Print all of the data exactly as written.

──────────

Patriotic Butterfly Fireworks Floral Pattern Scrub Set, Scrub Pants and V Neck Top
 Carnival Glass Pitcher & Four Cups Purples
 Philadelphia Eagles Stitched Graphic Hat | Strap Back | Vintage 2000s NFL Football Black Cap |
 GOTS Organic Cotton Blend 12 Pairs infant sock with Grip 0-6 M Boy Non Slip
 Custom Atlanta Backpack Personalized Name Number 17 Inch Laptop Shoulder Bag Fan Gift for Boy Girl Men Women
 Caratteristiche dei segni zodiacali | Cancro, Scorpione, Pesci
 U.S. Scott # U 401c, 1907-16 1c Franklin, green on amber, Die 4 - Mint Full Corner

──────────

*SOLVED EXERCISE:*
Patriotic Butterfly Fireworks Floral Pattern Scrub Set, Scrub Pants and V Neck Top
 Carnival Glass Pitcher & Four Cups Purples
 Philadelphia Eagles Stitched Graphic Hat | Strap Back | Vintage 2000s NFL Football Black Cap |
 GOTS Organic Cotton Blend 12 Pairs infant sock with Grip 0-6 M Boy Non Slip
 Custom Atlanta Backpack Personalized Name Number 17 Inch Laptop Shoulder Bag Fan Gift for Boy Girl Men Women
 Caratteristiche dei segni zodiacali | Cancro, Scorpione, Pesci
 U.S. Scott # U 401c, 1907-16 1c Franklin, green on amber, Die 4 - Mint Full Corner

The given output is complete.